Friday, September 2, 2011

Three Powerful Questions


A lot of business school education focuses on solutions. We teach our students many techniques for solving many types of problems. Outside of a case study course, we don’t get into the area of identifying what type of problem we are confronting very often. It is more often the case that the problem is “given” and we teach students how to solve the problem should they ever run into it (or one similar to it) in business.

I’d like to suggest that we consider integrating three questions more deeply into the business school curriculum.

The first question is, “What problem are you trying to solve?” I have found this to be a very powerful question to ask and to answer. Asking it usually causes a decision maker to stop cold and reflect on exactly what she confronts. Once considered, answering this question usually eliminates a lot of distractions and superfluous options. When we know what problem we are really trying to solve, we gain a focus that we did not have.

The second question is, “What will success look like?” In business education, I feel we should impress upon our students the idea of establishing a metric of some kind (and it need not be quantitative) so that we will know what success looks like. Another way of phrasing this question is, “How will you know you have solved the problem?” but I personally like the idea of framing the question in terms of success. The answer to this question provides criteria for assessing later how good the solution really is.
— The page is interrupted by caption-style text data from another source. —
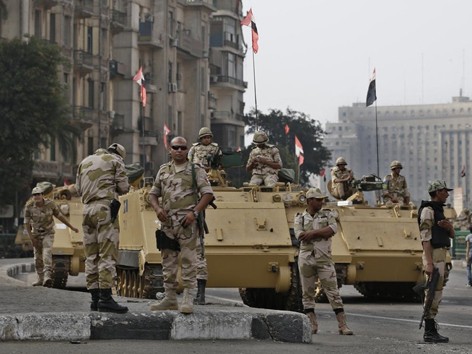 Ai Cập: Giết chóc đẫm máu, đối mặt cấm vận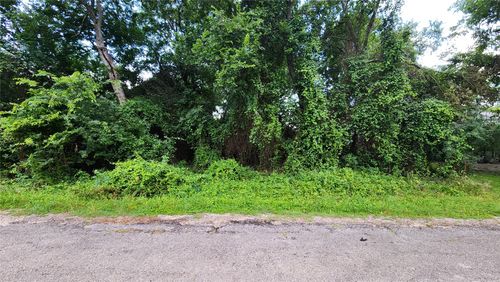 325 Capricorn Dr, Granbury, TX, 76049-1423 | Card Image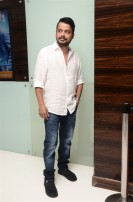 Oru Naal Iravil Premiere Show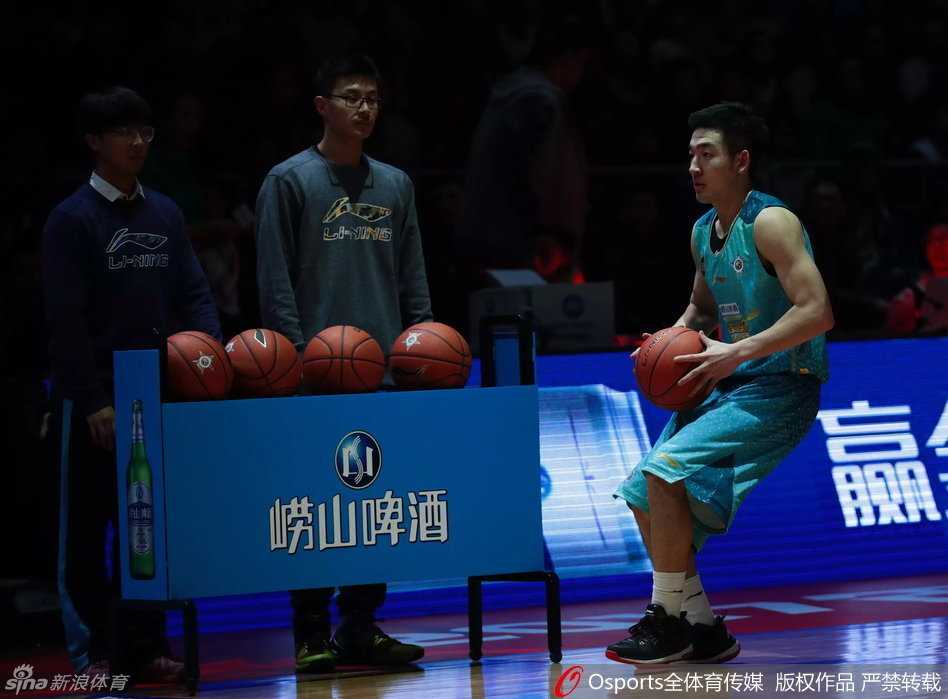 山西队新星王洪在技巧赛中快速推进，面对障碍物毫不畏惧，展现了年轻球员的冲劲与活力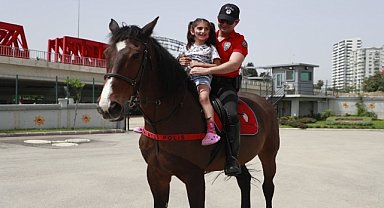 Adana'da polisler özel gereksinimli çocuklarla buluştu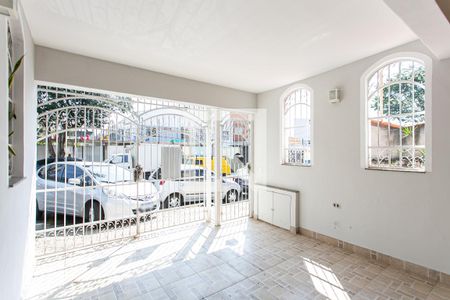 Casa à venda com 120m², 2 quartos e 1 vaga Casa à venda com 120m², 2 quartos e 1 vagaGaragem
The third question is, “Who will hate your solution (and why)?” We naturally tend to think of the “good” aspects of a problem solution and all of the people who will be happy with our solution. We don’t spend too much time thinking about who is going to hate our solution and why they will hate it. I believe it is worthwhile to consider this perspective, because it leads us to being more critical of our work. Often, when we take a critical perspective of our work we can identify ways to improve it. We rarely seek to improve a solution that we think is good.

What problem are you trying to solve?
What will success look like?
Who will hate your solution (and why)?